Taxation of Discretionary Trusts in the UK:
Discretionary trusts have distinct tax rules compared to other trusts:
- Income Tax:
- Income retained within the trust is taxed at the trust rate:
- 45% on most income.
- 39.35% on dividend income.
- If the income is distributed to beneficiaries, they may reclaim some of the tax paid, depending on their personal tax rates.
- Income retained within the trust is taxed at the trust rate:
- Capital Gains Tax (CGT):
- Trustees are liable for CGT on gains made by trust assets, taxed at 20% (or 28% for residential property).
- Trustees have a reduced annual CGT exemption, currently 50% of the standard individual allowance.
- Inheritance Tax (IHT):
- Discretionary trusts are subject to a periodic charge (up to 6% of the value of the trust assets) every 10 years.
- An exit charge may also apply when assets leave the trust (e.g., distributed to beneficiaries).
Common Uses of Discretionary Trusts:
- Asset Protection:
- Trust assets are protected from the creditors or divorce settlements of beneficiaries.
- Suitable for beneficiaries who are vulnerable, financially inexperienced, or have special needs.
- Tax Planning:
- Helps manage and minimize inheritance tax (IHT) exposure.
- Flexible for distributing income and capital in tax-efficient ways to beneficiaries.
- Providing for Multiple Generations:
- Ideal for families where the settlor wishes to benefit descendants but does not want to divide the assets outright.
Example:
A parent sets up a discretionary trust for their children and grandchildren.
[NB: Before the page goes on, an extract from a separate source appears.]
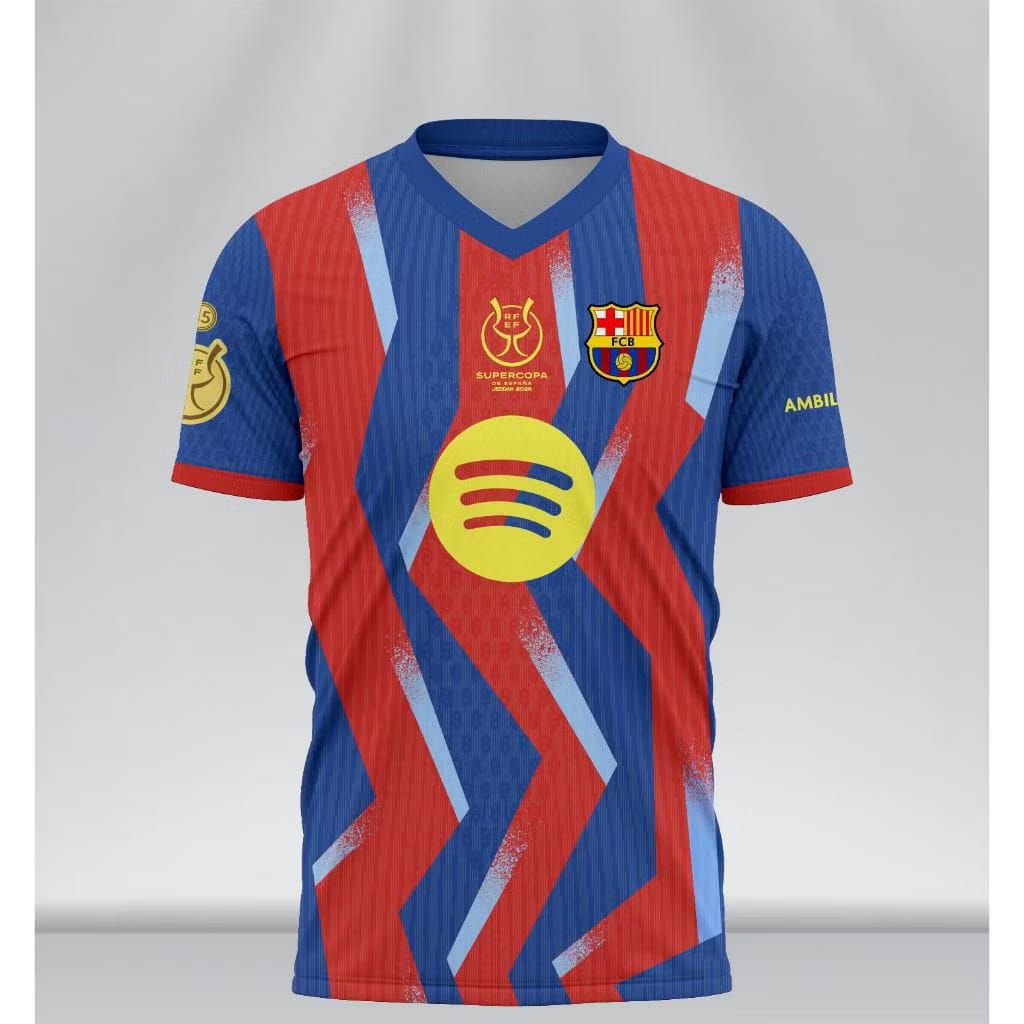 JERSEY BARCELONA 4THN 2025 2026 EL CLASICO GRATIS NAMA DAN NOMOR PUNGGUNG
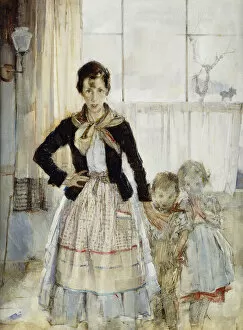 Motherly Gallery: The Velvet Jacket, (oil on canvas)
The trustees are given the discretion to allocate trust income or capital to support beneficiaries’ education, medical expenses, or other needs. One child might receive a larger share for university tuition, while another might receive nothing if they are already financially secure.
Discretionary trusts are popular for their flexibility and protective features, but they come with administrative responsibilities and specific tax implications. Trustees must carefully manage the trust in line with both legal obligations and the settlor’s intentions.